Work required:
From the entries below, copy every line that has the word "with".

Top of Dataset excerpts

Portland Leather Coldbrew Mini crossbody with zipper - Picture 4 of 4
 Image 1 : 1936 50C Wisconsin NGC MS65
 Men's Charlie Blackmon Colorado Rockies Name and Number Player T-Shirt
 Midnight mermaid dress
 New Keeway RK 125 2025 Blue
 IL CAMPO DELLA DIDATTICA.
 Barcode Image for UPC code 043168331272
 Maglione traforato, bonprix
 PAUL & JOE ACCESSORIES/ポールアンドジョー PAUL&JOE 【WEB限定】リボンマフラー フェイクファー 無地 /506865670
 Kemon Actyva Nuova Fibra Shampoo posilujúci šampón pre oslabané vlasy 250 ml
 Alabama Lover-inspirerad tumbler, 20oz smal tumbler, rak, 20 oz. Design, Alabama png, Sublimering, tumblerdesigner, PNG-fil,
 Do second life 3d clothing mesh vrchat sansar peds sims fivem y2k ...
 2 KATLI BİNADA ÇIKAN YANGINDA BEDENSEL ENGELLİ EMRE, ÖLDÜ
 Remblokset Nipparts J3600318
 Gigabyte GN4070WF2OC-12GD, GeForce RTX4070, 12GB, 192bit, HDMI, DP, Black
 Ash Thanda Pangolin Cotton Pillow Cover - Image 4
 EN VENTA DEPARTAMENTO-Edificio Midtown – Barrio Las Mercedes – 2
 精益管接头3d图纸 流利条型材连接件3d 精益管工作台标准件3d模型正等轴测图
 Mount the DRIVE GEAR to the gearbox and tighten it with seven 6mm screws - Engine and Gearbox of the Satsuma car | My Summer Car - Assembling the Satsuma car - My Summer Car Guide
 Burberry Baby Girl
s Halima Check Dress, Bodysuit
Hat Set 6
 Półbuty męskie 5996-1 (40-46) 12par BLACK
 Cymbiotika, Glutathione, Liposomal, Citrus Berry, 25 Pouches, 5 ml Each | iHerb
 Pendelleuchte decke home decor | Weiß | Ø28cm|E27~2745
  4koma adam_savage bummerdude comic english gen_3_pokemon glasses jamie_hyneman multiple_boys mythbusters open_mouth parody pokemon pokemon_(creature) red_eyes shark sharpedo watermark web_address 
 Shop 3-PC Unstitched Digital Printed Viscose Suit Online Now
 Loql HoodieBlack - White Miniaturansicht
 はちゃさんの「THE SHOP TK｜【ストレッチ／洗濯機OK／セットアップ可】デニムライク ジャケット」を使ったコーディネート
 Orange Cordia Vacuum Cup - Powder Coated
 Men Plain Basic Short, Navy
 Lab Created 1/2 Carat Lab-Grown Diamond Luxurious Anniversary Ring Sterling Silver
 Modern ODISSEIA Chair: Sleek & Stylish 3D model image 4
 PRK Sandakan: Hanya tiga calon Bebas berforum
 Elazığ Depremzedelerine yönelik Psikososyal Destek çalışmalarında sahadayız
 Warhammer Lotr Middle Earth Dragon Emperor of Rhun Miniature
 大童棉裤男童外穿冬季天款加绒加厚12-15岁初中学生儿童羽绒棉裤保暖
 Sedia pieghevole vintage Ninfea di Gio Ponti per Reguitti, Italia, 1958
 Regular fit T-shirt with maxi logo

Bottom of Dataset excerpts

Finished exercise:
Portland Leather Coldbrew Mini crossbody with zipper - Picture 4 of 4
 Mount the DRIVE GEAR to the gearbox and tighten it with seven 6mm screws - Engine and Gearbox of the Satsuma car | My Summer Car - Assembling the Satsuma car - My Summer Car Guide
 Regular fit T-shirt with maxi logo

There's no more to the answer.